On the death of J. Hillis Miller at 92, we offer these few remarks in his memory:
Hillis began his career at Johns Hopkins (1952-72), where he worked closely with colleague Georges Poulet to develop a “phenomenological criticism” focused on “our consciousness of another consciousness,” especially—in Miller’s case—ranging through the canon of Victorian fiction, although his still-influential Poets of Reality (1965), concerning modern writers, belongs to that period.
His arrival at Yale in 1972 marks a watershed in his own career, as he participated in the “linguistic turn” toward deconstruction for which Yale was known over the next fifteen years.
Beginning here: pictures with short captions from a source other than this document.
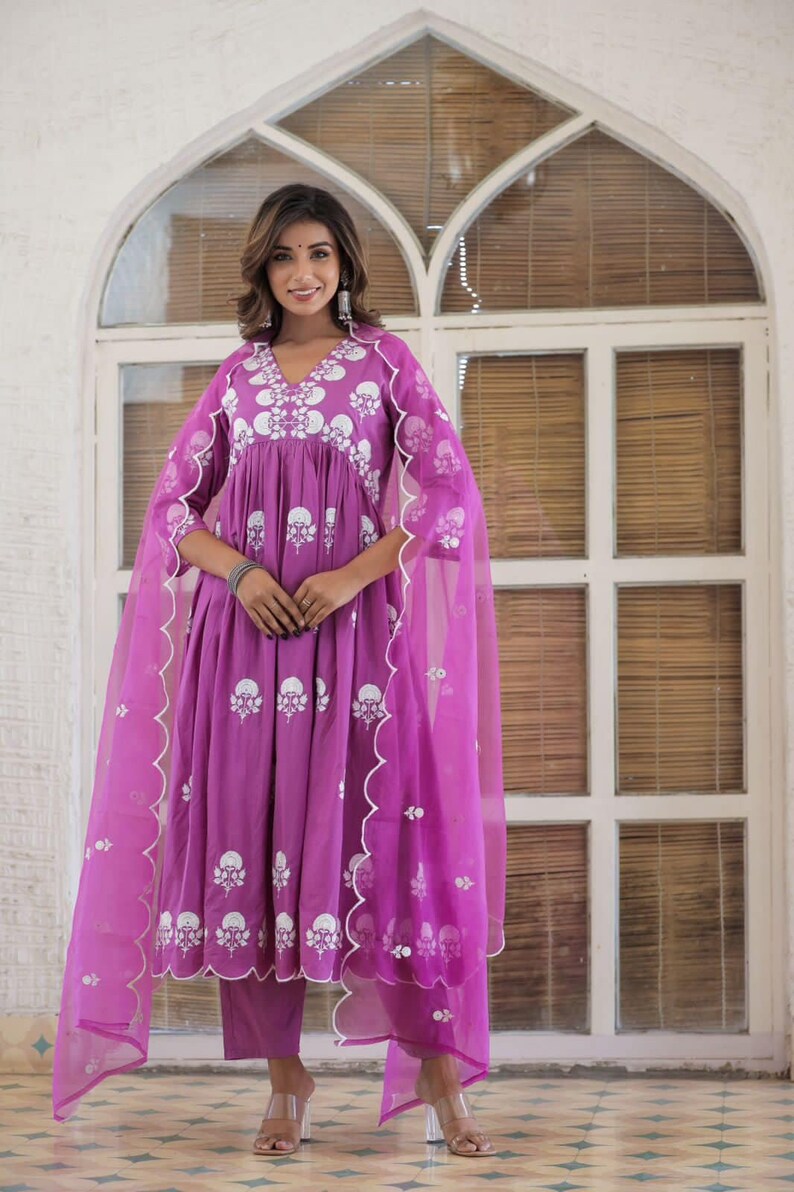 Purple Chiffon Kurti Set with Tulip Pant & Dupatta – Gota Patti Elegance
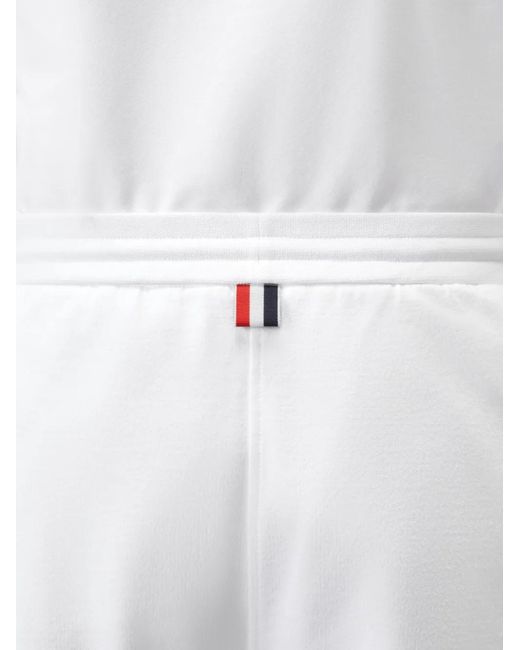 Thom Browne Blue 4-Bar Loopback Shorts for men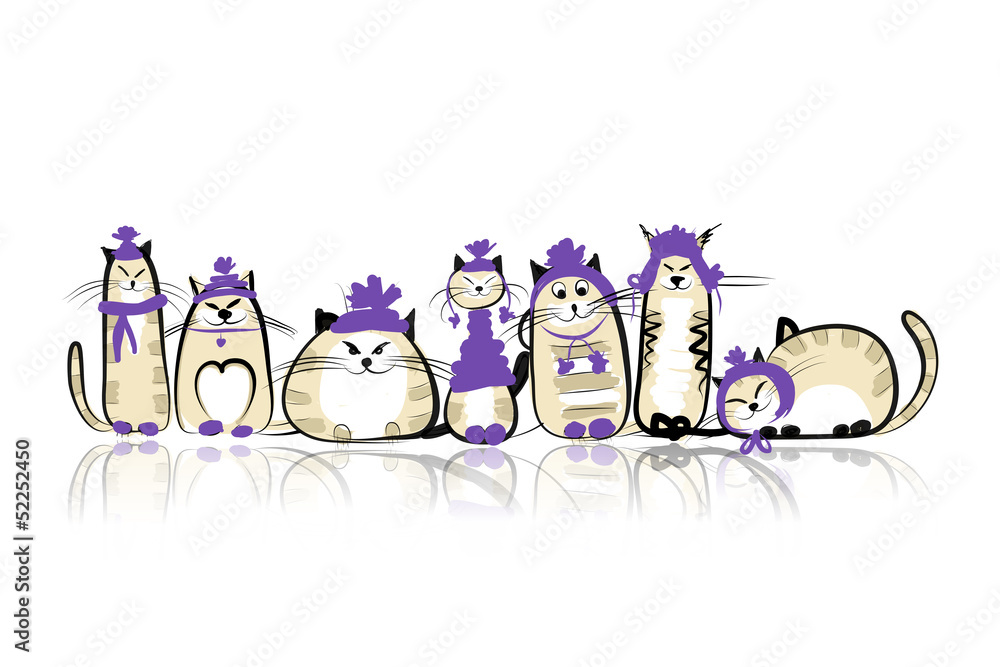Funny cats family for your design Funny cats family for your design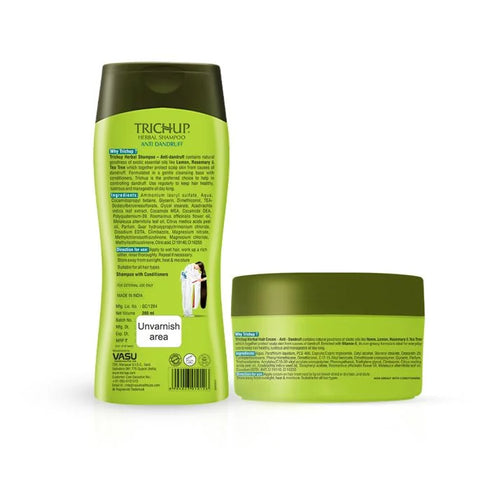 Vasuestore trichup anti dandruff shampoo cream kit infused with neem rosemary tea tree prevents white flakes and helps to restore protect normal health of your scalp skin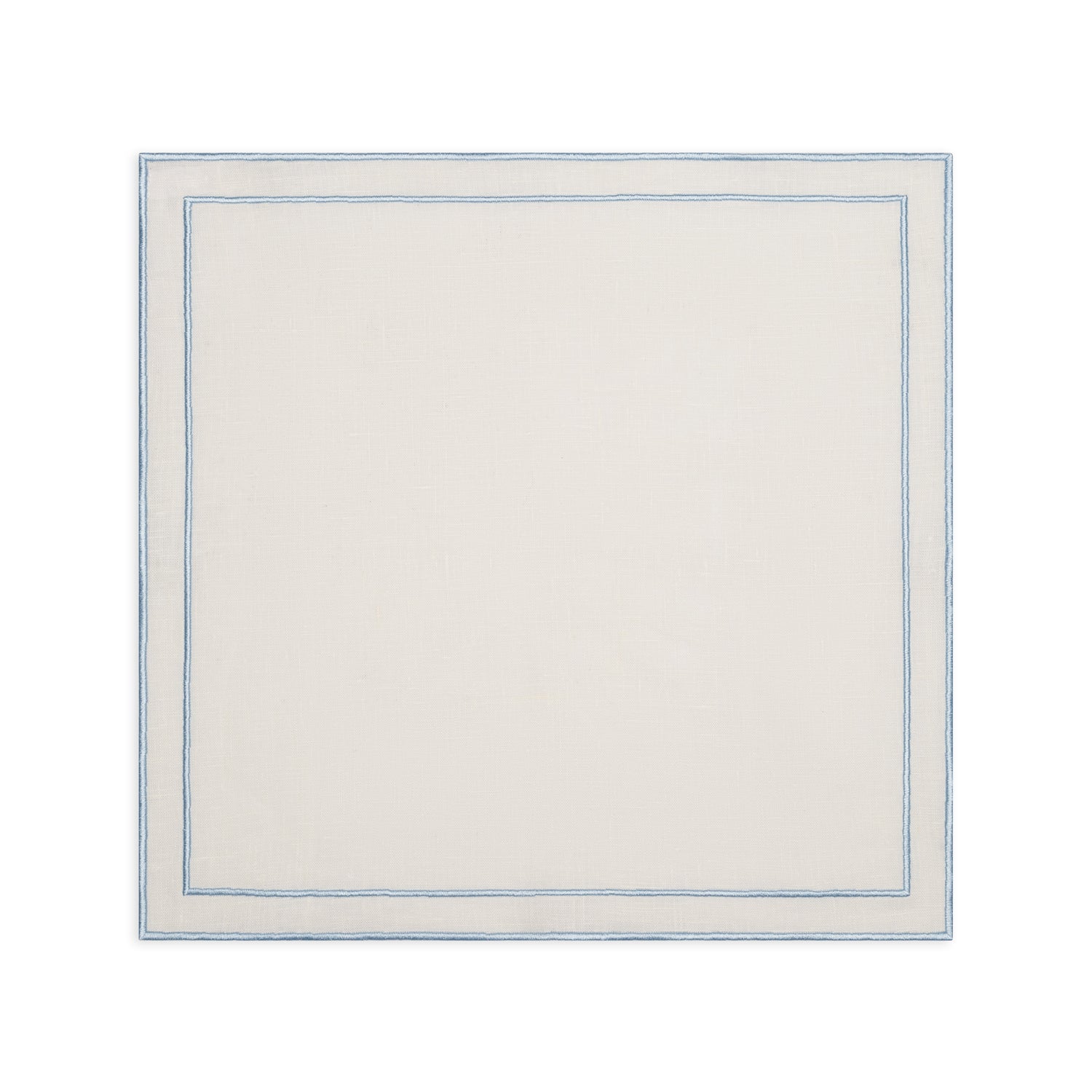 Evergreen napkin | White linen with light blue - set of 2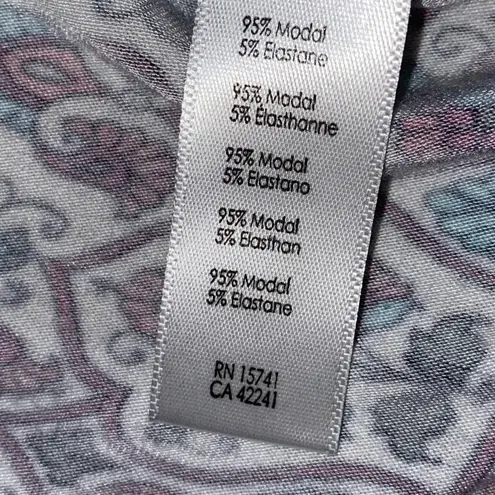 P.J. Salvage Robe Open Front Kimono Layer Wrap Ditsy Floral White Pink, Size Large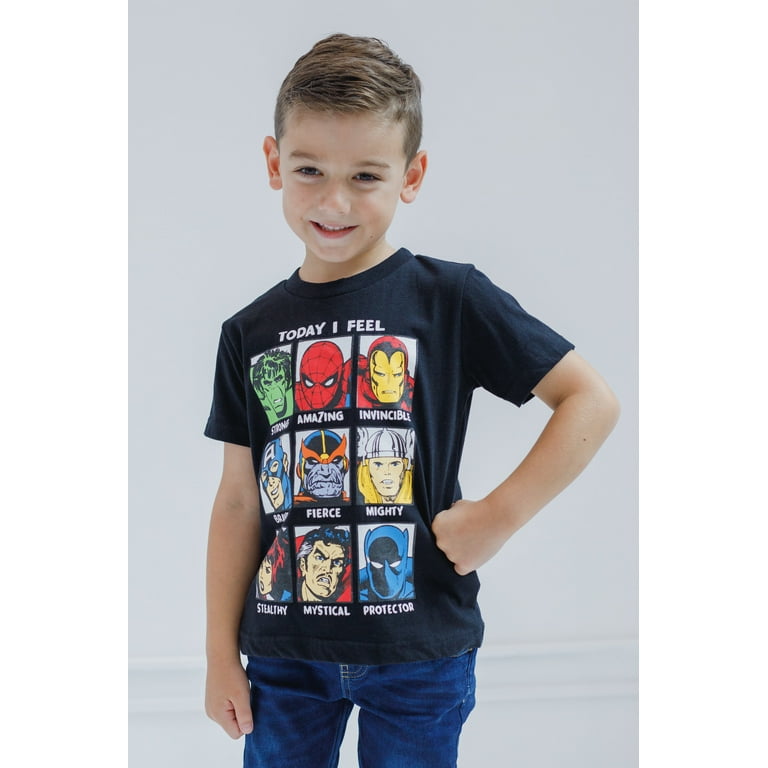 Avengers Thor Spider-Man Iron Boys to Kid Toddler Toddler 3 Man T-Shirts Pack Big Marvel
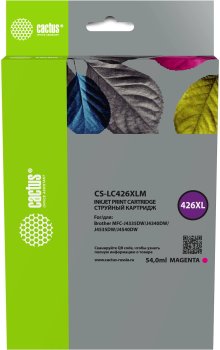 Картридж Cactus CS-LC426XLM пурпурный (54мл) для Brother MFC-J4335DW/J4340DW/J4535DW/J4540DW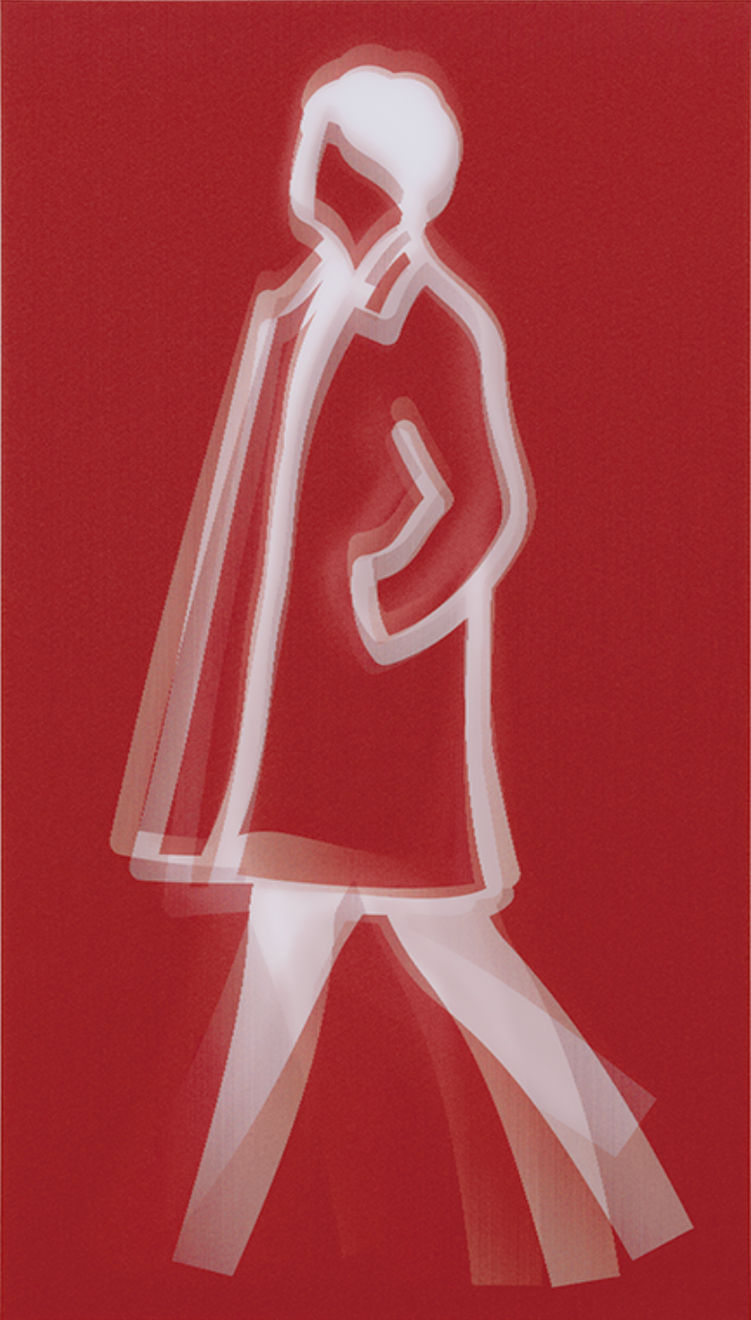 Julian Opie, Old Street Walkers - Curly Hair, 2022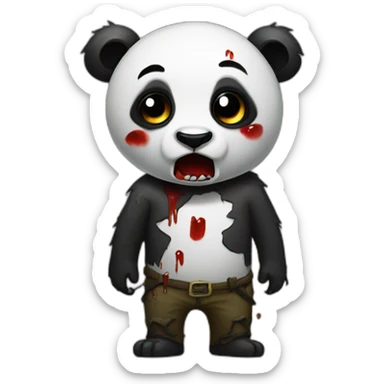 Panda as a zombie sticker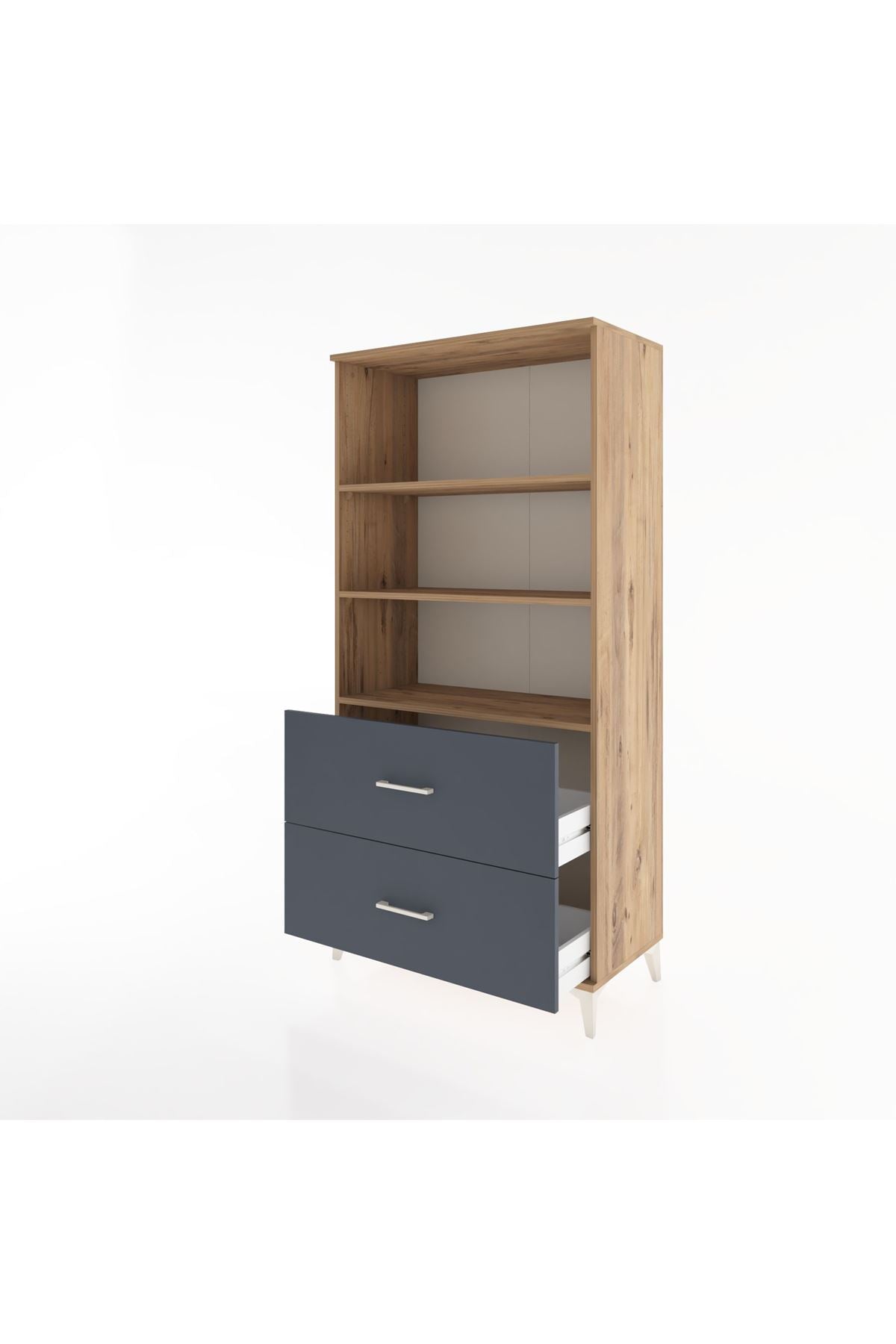Hyperion Dolap 3 Raflı 2 Çekmeceli 88x44x182 - S57M049V8B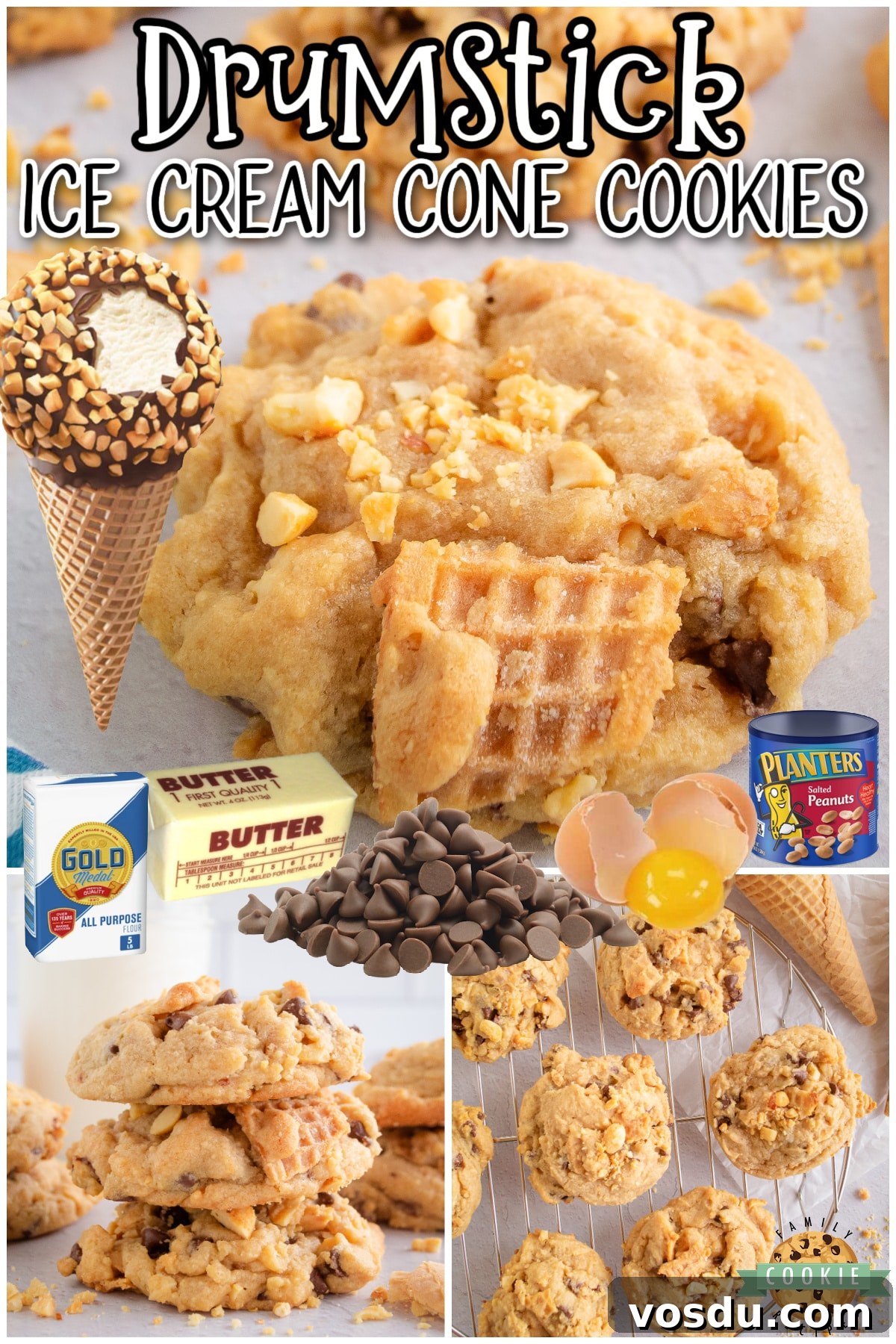 Ice Cream Cone Cookies Recipe: Crispy Cone Cups with Creamy Filling 11 Ice Cream Cone Cookies made with waffle cones & chocolate chips! Fun cookies made with classic drumstick ice cream cones in mind!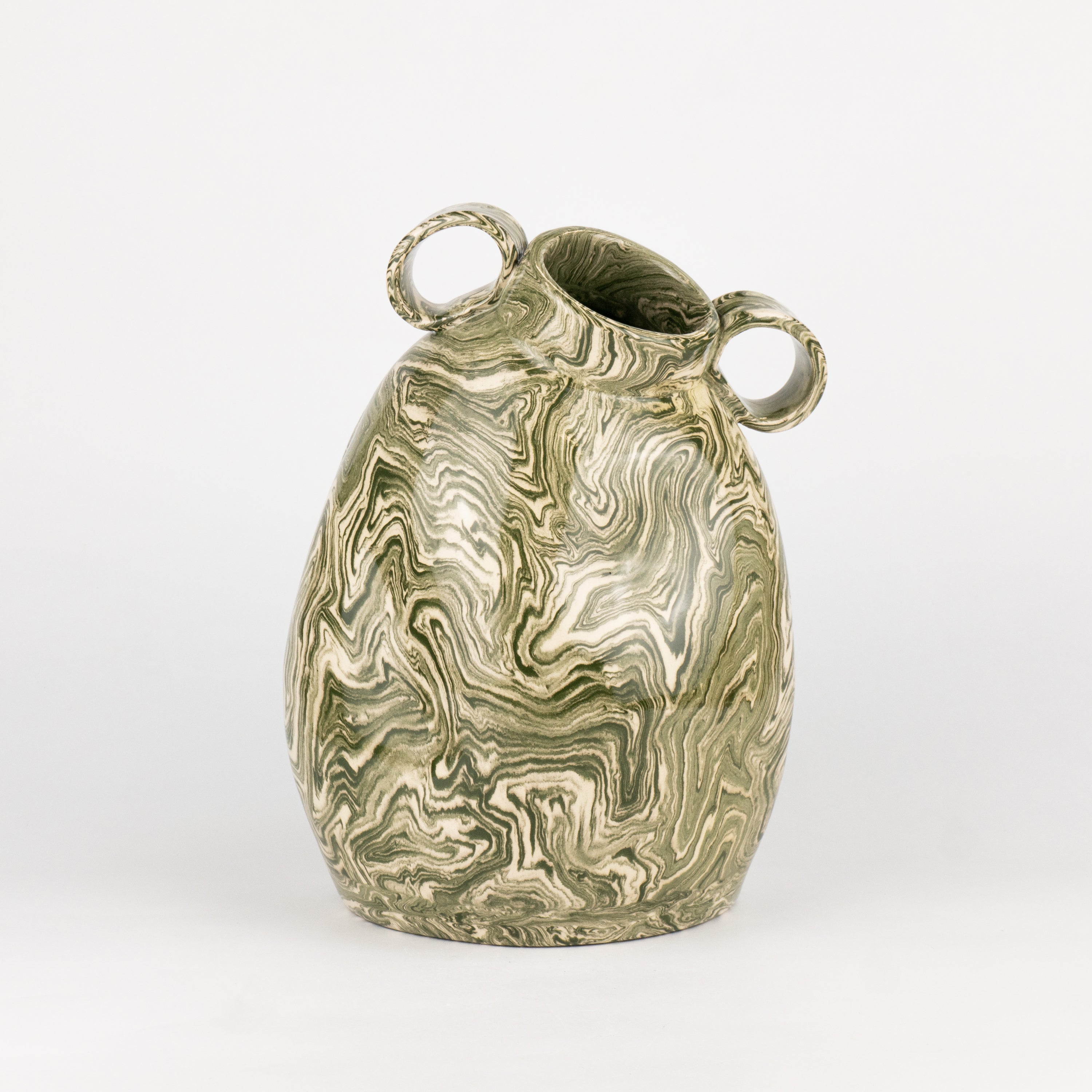 Green & White Agate Origin Vase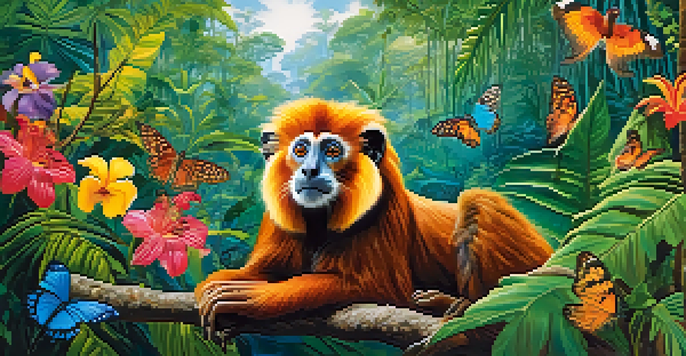 A golden lion tamarin sits on a branch in the Amazon rainforest, surrounded by green foliage and colorful flowers, with sunlight filtering through the trees.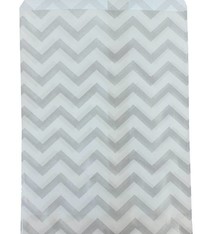 DBG1183 = Paper Gift Bag Silver Chevron Pattern 5'' x 7'' (Bundle of 100)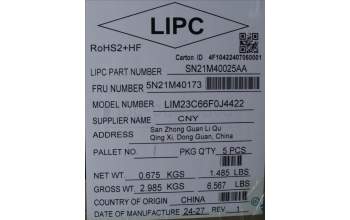 Lenovo 5N21M40173 Keyboard Internal, French, Black, Backlight, w/Number, US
He joined forces with Paul de Man and the annual visiting professor Jacques Derrida in particular, forming a looser but congenially avant-garde alliance with Harold Bloom, Geoffrey Hartman and the followers and students of those luminaries–an intellectual community, holding together viewpoints more diverse than was generally recognized, that was broadcast as a single school of thought, rightly or wrongly, in a book called Deconstruction and Criticism (1979), prefaced by Hartman.
Miller’s best-known article, “The Critic as Host,” published in response to “The Deconstructive Angel,” by M. H. Abrams, appeared in 1976. Toward the end of his time at Yale three books came out in rapid succession, the first two being Fiction and Repetition and The Linguistic Moment (again about poetry, Wordsworth to Stevens). The third of these, The Lesson of Paul de Man (1985), responded both to the death of de Man and to the controversy about de Man’s wartime journalism that had preceded it. To this period too belonged Miller’s crucial contributions to the topic he called “the ethics of reading.” In 1986, still amid the swirl of events and opinions following de Man’s death, Miller departed for UC Irvine, where he finished his career, publishing many more important books, engaging in particular the ethical turn of the later Derrida, who visited Irvine annually after Hillis went there.
The critical controversies of that period at Yale were for the most part located in Humanities, Comparative Literature, and French. Hillis, however, was a truly admirable member of our department among his many other commitments. He was always fair-minded, genial to all (those of us who knew him remember his booming, cheerful voice), collegial in the most community-spirited ways, and a writer of prose as lucid and plain-spoken as that of anyone among us at that time, even when he was expounding ideas more often couched by others in prose both gnomic and oracular. He will be missed.